-
Notifications
You must be signed in to change notification settings - Fork 1.6k
Description
Preflight checklist
- I could not find a solution in the existing issues, docs, nor discussions.
- I agree to follow this project's Code of Conduct.
- I have read and am following this repository's Contribution Guidelines.
- I have joined the Ory Community Slack.
- I am signed up to the Ory Security Patch Newsletter.
Ory Network Project
No response
Describe your problem
When using oauth2.token_hook in production (Kubernetes, sidecar container at 127.0.0.1), we observe ~100-120ms of overhead at p90 on /oauth2/token for JWT token generation with sporadic traffic patterns.
Production metrics (Hydra v2.3.0, EKS):
- WITH token_hook: p50 ≈ 100ms, p90 ≈ 200-250ms, p99 ≈ 300ms
- WITHOUT token_hook: p50 ≈ 80ms, p90 ≈ 100ms, p99 ≈ 120ms
Local Docker testing:
- WITH token_hook: p50 = 57ms, p90 = 79ms
- WITHOUT token_hook: p50 = 54ms, p90 = 76ms (only ~2-3ms overhead)
The huge difference between local (~2ms) and production (~100ms) overhead points to HTTP connection management issues, not the hook logic itself. CPU profiling confirms the token hook uses virtually 0 CPU/memory — the overhead is purely network/connection setup.
Isolation tests performed:
- ✅ Disabling token_hook → p90 drops from 200ms to 100ms (confirmed root cause)
- ❌ Increasing Hydra CPU (500m → 1000m): no impact
- ❌ Increasing token_hook CPU (100m → 500m): no impact
- ❌ Increasing DB pool (26 → 50): no impact
- ❌ Reducing tracing sampling (0.4 → 0.1): no impact
The token hook HTTP client in oauth2/token_hook.go uses the default HTTPClient from the registry without configurable connection pooling or keep-alive settings. With sporadic traffic, connections are closed between requests, causing re-establishment overhead on each call.

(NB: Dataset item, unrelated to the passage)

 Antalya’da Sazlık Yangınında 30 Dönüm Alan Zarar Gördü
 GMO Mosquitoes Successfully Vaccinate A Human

Describe your ideal solution
Add optional configuration for the token hook HTTP client transport:
oauth2:
token_hook: https://my-hook
token_hook_http_client:
timeout: 5s
keep_alive: true
max_idle_conns: 100
max_idle_conns_per_host: 10
idle_conn_timeout: 90s
This would configure http.Transport with proper connection pooling:
transport := &http.Transport{
MaxIdleConns: config.MaxIdleConns,
MaxIdleConnsPerHost: config.MaxIdleConnsPerHost,
IdleConnTimeout: config.IdleConnTimeout,
DisableKeepAlives: !config.KeepAlive,
}
We're happy to submit a PR if the approach is approved.
Workarounds or alternatives
Currently there is no workaround within Hydra configuration. The only options are:
1 - Remove the token hook entirely — loses the custom claims functionality we need
2 - Increase traffic volume to keep connections warm — not feasible for B2B sporadic patterns
3 - Fork Hydra and patch the HTTP client — maintenance burden
Version
v2.3.0
Additional Context
Deployment: Kubernetes (AWS EKS), token_hook as sidecar container (http://127.0.0.1:8089)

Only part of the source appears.